About this task → Taking the entries below, transcribe only the lines starting with the one with "An adult large-sized" and going on through the one with "Семейное Бунгало, Bann", exactly as written, without the pictures.

Data for analysis →
BEGIN

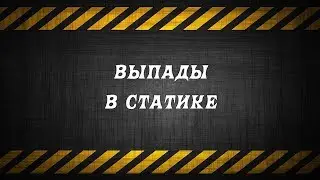 ВЫПАДЫ В СТАТИКЕ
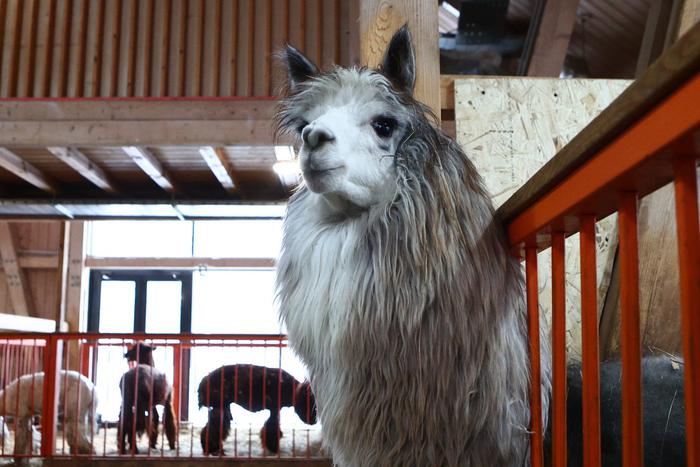 Покормить пушистиков с рук и стать частью огромного хоровода: Metro рассказывает, чем заняться сегодня в городе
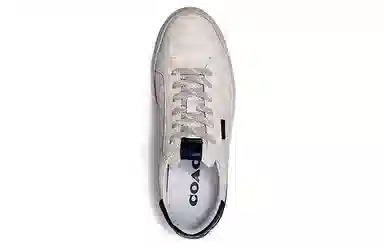 COACH CitySole Lowline Grey Blue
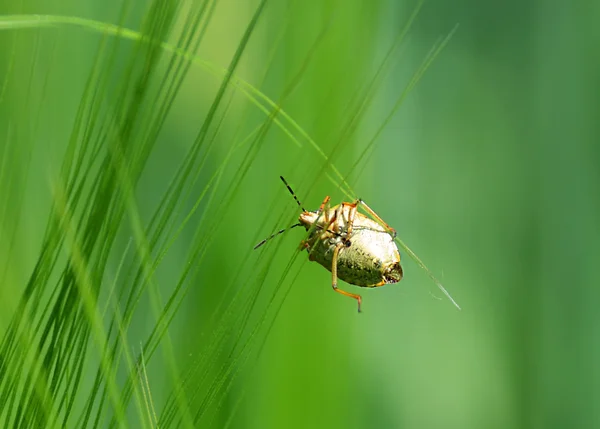 Het insect op de tarwe piek — Stockfoto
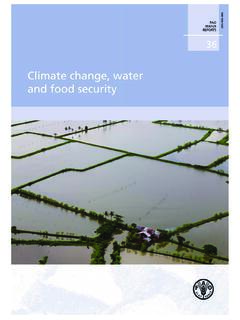 Cover picture: Irrawaddy Delta, Myanmar - September 2008
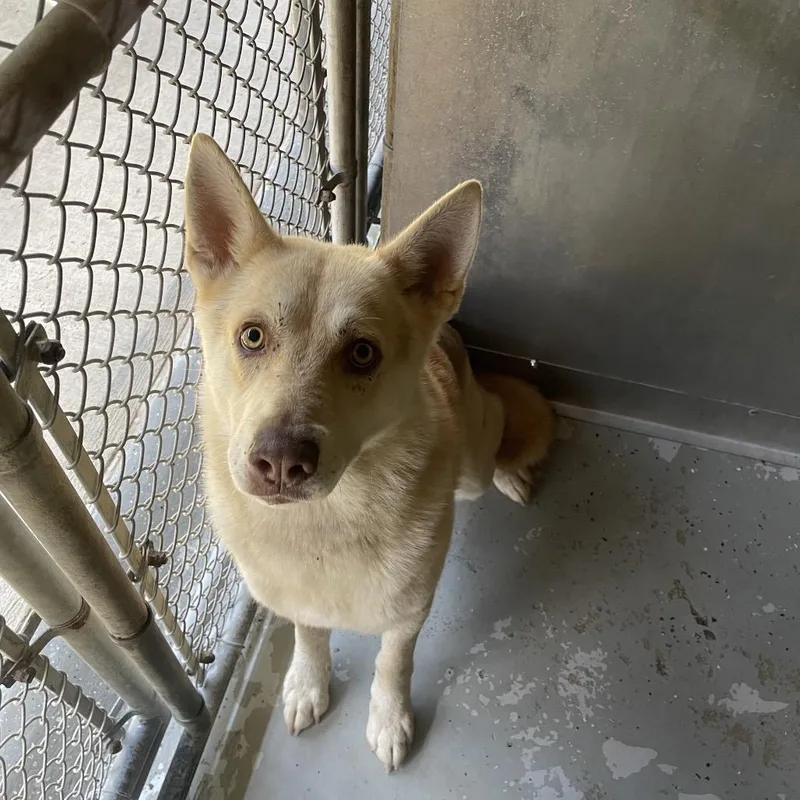 An adult large-sized male Red / Chestnut / Orange Husky dog named Red for adoption in Galax, VA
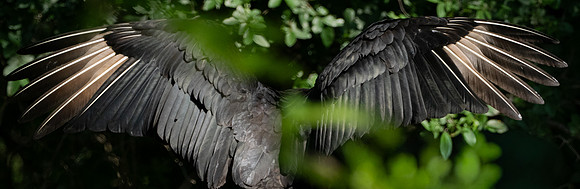311a. Black Vulture P1090489
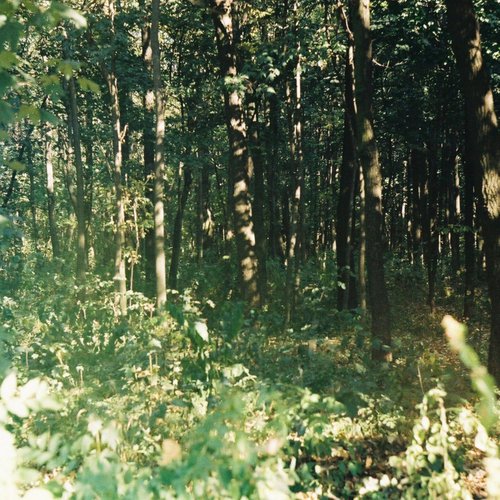 Лес - весна - песня мечтателя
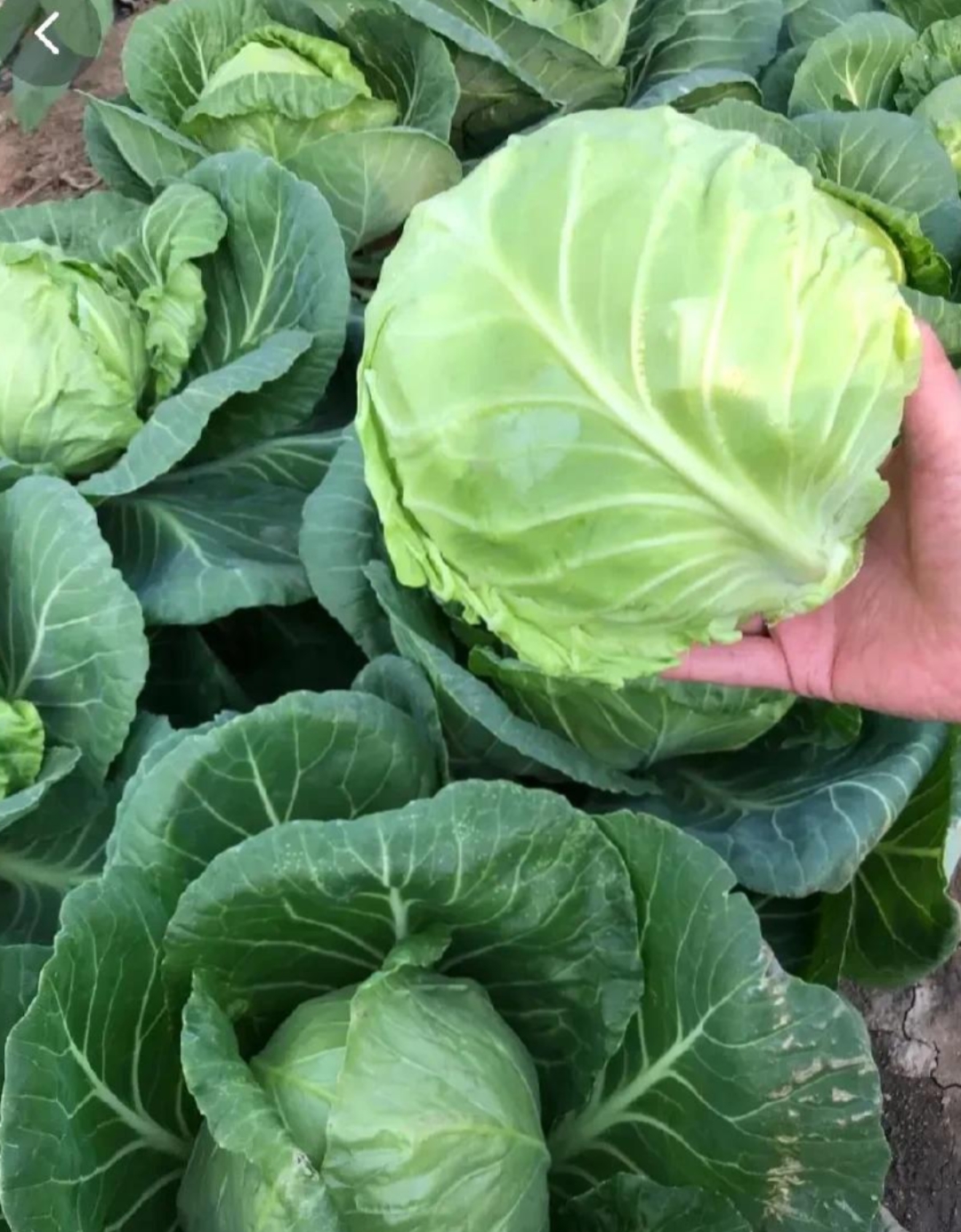 咸宁城区禽产品类价格跌落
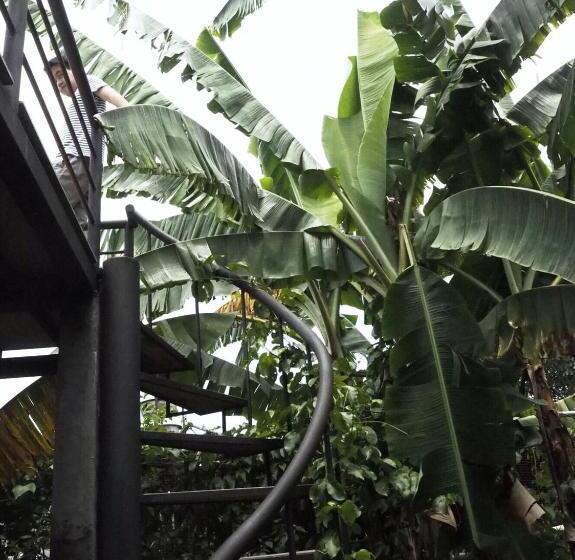 Семейное Бунгало, Bann Rai Klai Weang Homestay
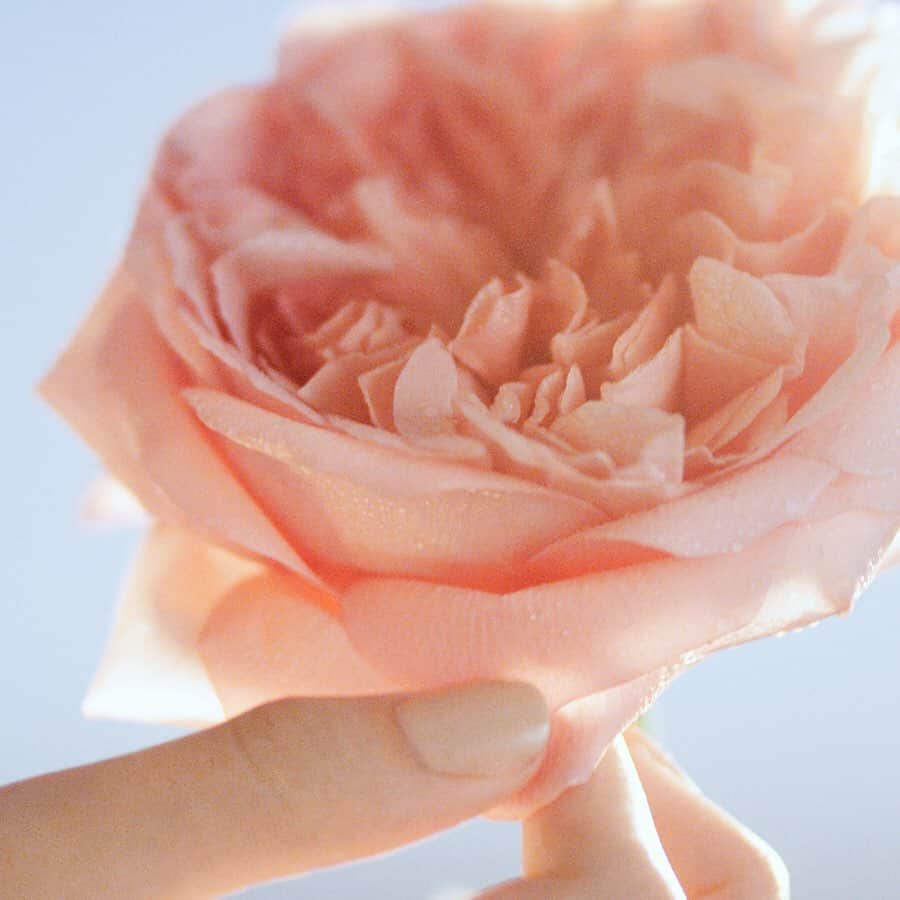 Jurlique Japanさんのインスタグラム写真 - (Jurlique JapanInstagram)「. ＜8/1 新発売＞ジュリークローズ コレクション . 今、アデレードのオーガニック認証自社農園で、 ひと際美しく大輪の花を咲かせ、芳しい香りを放つローズがあります。 その名も”ジュリーク”。 . ジュリークローズのエキスを贅沢につめ込んだ、新しいコレクションが8月1日に誕生します。 . ただいま、直営店にてご予約を承っております。 ぜひこの機会に、店頭にお立ち寄りくださいませ！ . #ジュリーク #Jurlique #オーガニック #スキンケア #オーガニックスキンケア #オーストラリア #アデレード #ジュリークローズ #ジュリークローズコレクション」7月14日 11時09分 - jurlique_jp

END

Response to this task →
 An adult large-sized male Red / Chestnut / Orange Husky dog named Red for adoption in Galax, VA
311a. Black Vulture P1090489
 Лес - весна - песня мечтателя
 咸宁城区禽产品类价格跌落
 Семейное Бунгало, Bann Rai Klai Weang Homestay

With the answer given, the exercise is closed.